Scandal And Shake-Up Ahead of Elections
Secret-tape affair described as “political earthquake”
WARSAW, POLAND –“We have been governing for nearly eight years and a number of errors have accumulated,” Polish Prime minister Ewa Kopacz told a convention of her Civic Platform (Platforma Obywatelska=PO) party recently. “Some of us have failed. I admit it, we admit it and apologize. We apologize and humbly accept every expression of disappointment and criticism.”
The beleaguered Kopacz’s breast-beating was a clear attempt to recoup some of the losses, incurred by her scandal-plagued government in the run-up to October’s general election. Shocked by the unexpected defeat of President Bronisław Komorowski at the polls in May, her cabinet was further battered when the testimony of an investigation into an eavesdropping scandal appeared on Facebook.
Last year, news magazine Wprost began serializing the secretly recorded conversations of top government officials. Not knowing they were being recorded, over wine and vodka-laced gourmet dinners in Warsaw restaurants, the officials freely told off-color jokes and revealed private views they would never have expressed in public. In one recording, then Foreign Minister Radosław Sikorski called Polish-US relations “worthless” and said they amounted to Poland giving America oral sex.
Zbigniew Stonoga, a little-known businessman form Śląsk (Sielsia), gained access to 15 volumes of documents from the tape-scandal investigation and began publishing them on Facebook. Many ordinary Internet users showered his revelations with “likes” and viewed him as the “the Polish Snowden”, the little guy brave enough to stand up to the ruling establishment. But the prime minister flew into a panic and ordered a shake-up in which nearly a dozen cabinet members and other top officials lost their jobs.

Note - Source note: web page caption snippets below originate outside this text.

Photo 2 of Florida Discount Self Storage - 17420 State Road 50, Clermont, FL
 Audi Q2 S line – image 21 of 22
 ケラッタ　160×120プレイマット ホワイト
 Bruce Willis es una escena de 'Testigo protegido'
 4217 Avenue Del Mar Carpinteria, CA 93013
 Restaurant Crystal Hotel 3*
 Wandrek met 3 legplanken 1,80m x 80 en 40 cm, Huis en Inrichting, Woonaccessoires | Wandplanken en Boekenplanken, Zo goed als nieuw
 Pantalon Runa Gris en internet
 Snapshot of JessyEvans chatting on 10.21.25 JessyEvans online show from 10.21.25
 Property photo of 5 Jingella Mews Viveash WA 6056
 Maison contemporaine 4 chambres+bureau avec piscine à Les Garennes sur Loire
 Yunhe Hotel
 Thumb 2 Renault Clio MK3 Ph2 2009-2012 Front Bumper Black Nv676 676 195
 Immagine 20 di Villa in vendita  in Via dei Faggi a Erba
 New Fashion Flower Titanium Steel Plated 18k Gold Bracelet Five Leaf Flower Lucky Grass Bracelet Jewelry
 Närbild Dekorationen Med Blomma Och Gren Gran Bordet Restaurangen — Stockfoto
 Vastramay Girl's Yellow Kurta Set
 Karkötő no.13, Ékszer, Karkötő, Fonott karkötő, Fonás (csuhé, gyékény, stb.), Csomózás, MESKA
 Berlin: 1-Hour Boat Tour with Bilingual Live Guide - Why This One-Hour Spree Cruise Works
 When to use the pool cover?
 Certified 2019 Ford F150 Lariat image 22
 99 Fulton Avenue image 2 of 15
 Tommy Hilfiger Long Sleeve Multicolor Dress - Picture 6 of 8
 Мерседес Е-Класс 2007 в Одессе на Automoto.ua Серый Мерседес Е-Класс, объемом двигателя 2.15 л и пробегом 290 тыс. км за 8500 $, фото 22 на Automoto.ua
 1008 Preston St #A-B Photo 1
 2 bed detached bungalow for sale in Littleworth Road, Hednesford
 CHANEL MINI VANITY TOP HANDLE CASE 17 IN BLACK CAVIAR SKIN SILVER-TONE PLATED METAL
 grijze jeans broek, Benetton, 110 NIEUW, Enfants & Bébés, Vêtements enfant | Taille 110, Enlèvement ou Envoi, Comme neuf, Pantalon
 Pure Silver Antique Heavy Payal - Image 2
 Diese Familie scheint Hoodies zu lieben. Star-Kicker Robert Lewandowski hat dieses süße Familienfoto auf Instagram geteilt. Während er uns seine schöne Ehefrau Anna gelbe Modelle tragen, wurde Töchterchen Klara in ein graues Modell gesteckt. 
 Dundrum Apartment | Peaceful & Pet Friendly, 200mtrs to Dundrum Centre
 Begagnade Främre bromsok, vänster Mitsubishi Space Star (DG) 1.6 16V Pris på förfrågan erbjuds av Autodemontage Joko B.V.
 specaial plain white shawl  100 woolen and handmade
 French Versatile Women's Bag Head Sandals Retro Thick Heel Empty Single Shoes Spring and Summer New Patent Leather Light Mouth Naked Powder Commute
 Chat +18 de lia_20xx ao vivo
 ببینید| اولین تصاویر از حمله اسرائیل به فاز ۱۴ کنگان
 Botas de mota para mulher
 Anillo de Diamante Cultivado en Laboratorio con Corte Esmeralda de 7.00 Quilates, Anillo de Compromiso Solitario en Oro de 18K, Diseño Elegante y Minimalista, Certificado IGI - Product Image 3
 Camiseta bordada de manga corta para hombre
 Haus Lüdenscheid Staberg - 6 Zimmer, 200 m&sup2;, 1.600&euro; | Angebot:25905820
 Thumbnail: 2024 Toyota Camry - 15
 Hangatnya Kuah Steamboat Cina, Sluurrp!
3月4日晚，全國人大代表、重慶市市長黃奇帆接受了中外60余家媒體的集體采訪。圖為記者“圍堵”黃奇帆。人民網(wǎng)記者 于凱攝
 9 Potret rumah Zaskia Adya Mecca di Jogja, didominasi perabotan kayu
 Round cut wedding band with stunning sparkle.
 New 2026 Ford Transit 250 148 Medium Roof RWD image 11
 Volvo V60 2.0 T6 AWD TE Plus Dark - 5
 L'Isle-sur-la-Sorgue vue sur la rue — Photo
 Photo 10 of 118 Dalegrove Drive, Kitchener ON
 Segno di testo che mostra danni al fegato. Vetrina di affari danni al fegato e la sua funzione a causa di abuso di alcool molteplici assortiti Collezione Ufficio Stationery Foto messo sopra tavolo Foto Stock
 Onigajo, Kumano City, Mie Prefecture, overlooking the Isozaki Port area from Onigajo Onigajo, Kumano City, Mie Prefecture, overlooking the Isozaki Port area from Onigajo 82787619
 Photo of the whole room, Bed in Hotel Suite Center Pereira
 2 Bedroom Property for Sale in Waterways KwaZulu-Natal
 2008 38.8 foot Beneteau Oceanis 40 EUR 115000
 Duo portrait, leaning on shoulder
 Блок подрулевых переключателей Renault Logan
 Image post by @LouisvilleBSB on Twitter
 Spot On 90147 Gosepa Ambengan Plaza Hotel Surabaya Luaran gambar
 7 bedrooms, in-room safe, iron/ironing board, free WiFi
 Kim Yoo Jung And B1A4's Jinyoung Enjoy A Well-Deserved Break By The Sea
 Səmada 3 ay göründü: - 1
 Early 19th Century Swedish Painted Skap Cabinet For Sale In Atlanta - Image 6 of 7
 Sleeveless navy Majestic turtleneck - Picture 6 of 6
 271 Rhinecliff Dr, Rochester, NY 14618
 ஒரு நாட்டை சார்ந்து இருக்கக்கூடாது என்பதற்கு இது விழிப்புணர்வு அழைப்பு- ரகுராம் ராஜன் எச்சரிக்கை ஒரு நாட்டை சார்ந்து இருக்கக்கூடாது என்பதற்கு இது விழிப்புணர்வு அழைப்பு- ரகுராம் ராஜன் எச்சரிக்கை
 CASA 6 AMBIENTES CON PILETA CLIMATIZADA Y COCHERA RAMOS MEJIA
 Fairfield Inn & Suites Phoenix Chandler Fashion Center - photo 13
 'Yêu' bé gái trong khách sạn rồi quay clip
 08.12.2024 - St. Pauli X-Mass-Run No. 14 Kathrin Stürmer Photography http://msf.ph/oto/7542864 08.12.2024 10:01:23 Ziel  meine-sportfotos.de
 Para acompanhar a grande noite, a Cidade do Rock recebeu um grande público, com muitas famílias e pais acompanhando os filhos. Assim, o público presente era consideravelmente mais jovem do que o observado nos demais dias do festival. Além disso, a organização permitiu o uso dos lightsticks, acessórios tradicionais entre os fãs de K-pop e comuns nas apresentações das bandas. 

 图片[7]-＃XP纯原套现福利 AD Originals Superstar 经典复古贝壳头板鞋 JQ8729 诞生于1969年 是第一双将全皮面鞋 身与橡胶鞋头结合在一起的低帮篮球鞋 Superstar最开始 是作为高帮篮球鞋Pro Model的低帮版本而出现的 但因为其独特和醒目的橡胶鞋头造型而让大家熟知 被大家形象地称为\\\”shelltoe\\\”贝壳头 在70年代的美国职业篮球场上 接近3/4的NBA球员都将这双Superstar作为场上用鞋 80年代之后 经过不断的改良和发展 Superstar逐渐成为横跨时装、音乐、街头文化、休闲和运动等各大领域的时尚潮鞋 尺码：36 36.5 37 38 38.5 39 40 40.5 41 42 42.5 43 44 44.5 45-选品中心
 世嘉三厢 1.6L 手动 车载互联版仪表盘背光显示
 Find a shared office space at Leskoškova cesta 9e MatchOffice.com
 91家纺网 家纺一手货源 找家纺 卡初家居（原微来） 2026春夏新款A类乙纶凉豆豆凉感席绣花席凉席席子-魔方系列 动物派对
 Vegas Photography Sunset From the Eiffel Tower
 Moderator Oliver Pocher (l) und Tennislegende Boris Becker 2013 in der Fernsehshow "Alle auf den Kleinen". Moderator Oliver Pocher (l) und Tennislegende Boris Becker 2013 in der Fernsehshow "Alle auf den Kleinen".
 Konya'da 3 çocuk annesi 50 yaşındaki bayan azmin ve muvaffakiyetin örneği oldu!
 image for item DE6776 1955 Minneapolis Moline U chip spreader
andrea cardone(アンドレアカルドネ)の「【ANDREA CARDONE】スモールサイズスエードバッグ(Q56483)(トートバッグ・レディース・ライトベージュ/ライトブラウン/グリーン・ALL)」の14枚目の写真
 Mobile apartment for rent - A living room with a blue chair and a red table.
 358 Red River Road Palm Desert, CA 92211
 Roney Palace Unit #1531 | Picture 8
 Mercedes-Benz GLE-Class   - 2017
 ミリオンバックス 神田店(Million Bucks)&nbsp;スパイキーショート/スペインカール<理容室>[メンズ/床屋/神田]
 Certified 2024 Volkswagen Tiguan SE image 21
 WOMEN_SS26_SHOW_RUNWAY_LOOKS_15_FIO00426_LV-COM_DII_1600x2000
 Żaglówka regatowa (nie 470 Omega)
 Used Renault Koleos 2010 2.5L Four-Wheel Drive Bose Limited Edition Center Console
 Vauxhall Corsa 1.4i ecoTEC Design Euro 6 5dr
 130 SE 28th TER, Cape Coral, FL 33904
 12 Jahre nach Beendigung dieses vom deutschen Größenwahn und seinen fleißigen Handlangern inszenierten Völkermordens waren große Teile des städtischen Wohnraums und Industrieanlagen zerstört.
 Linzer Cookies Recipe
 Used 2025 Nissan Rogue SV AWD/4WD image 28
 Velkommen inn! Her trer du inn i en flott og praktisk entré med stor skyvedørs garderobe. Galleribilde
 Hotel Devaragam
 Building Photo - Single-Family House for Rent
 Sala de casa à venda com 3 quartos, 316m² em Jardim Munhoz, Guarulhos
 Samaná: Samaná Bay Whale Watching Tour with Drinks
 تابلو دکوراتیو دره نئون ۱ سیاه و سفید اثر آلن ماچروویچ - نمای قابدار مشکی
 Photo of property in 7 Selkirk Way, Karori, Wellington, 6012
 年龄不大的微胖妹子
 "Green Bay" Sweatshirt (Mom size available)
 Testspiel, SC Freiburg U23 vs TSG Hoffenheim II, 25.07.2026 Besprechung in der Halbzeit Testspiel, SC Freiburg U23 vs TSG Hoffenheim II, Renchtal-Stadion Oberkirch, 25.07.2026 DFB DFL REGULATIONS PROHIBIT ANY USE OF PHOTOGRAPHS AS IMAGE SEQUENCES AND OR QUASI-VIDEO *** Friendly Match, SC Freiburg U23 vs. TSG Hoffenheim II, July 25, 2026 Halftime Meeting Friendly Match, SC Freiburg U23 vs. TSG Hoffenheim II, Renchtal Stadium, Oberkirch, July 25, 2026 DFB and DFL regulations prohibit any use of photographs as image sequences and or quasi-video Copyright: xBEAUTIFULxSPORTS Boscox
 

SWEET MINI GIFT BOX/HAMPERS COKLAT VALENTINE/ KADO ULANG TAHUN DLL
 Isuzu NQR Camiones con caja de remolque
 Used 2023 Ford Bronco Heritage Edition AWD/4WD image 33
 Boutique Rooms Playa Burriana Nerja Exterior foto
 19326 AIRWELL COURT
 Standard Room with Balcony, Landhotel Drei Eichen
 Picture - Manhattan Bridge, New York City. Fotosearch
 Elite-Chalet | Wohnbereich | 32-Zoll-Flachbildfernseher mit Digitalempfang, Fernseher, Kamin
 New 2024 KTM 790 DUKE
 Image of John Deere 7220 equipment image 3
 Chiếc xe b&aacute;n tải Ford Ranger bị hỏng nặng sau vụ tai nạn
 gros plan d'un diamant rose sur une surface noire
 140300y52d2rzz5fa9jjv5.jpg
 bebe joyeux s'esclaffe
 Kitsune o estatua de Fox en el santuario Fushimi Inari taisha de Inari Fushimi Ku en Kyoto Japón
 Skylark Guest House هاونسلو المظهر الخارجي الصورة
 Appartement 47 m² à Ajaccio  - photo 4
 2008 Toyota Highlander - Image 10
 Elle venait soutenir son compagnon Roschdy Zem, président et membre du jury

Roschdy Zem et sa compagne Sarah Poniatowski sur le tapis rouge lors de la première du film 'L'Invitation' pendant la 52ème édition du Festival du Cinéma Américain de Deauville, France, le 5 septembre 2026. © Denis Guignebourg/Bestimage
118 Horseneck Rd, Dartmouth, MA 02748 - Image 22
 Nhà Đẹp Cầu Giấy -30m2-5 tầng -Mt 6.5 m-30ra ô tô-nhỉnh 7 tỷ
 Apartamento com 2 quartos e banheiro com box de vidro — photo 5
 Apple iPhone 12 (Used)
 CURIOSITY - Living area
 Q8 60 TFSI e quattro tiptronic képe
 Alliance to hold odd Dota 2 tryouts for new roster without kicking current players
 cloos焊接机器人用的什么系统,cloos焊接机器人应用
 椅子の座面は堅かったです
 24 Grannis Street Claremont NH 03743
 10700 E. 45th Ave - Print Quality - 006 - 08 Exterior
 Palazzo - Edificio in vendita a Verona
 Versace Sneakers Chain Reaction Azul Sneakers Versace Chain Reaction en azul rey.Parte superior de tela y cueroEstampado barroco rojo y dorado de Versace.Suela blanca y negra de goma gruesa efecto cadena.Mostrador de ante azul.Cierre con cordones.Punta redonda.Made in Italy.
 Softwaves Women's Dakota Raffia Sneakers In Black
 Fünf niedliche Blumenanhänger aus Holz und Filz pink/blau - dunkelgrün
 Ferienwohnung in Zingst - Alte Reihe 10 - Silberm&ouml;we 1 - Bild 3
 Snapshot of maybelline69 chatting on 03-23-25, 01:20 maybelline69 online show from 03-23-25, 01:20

The defeat in May of the PO-backed presidential incumbent Bronisław Komorowski’s and tape-scandal issues have cut into the electorate of the Kopacz’s ruling party and its tiny Peasant Party ally – a major concern in an election year. Surveys have shown the PO in second place trailing behind the main opposition party, the conservative Law and Justice (Prawo i Sprawiedliwość=PiS) which had backed Poland’s new president Andrzej Duda. Some polls have shown PO coming third behind the middle-aged rock musician Paweł Kukiz, the dark horse of the presidential campaign.
Voters remember PO’s other scandals, delayed projects and unkept promises such as the huge growth of red tape despite pledges to reduce bureaucracy. And many Poles look forward to a change, something new after eight years of seeing the same old faces and listening to their familiar but often empty rhetoric.
PiS names Beata Szydlo as candidate for prime minister
The election campaign is now in full swing, and at the very start PiS optimistically named Beata Szydło as its candidate for prime minister. The 52-year-old ethnographer, specializing in culture and museum management, is touring the country in her “Szydłobus” in a bid to win public favor.
Some surveys have shown that only PiS, PO and the Kukiz group will clear the 5% threshold needed to win parliamentary seats. Other polls have indicated 5% or slightly higher support for the new pro-capitalist Nowoczesność.PL (Modernity.PL) party of economist Ryszard Petru and the tired, old post-communist Democratic Left Alliance (SLD).. If PiS wins the election,the election and teams up with Kukiz, the two parties have the two-thirds majority needed to amend the constitution and ratify international agreements. The Petru grouping would be the pro-market PO’s logical ally. But we won’t know for sure unitl the voters’ final verdict is announced in October.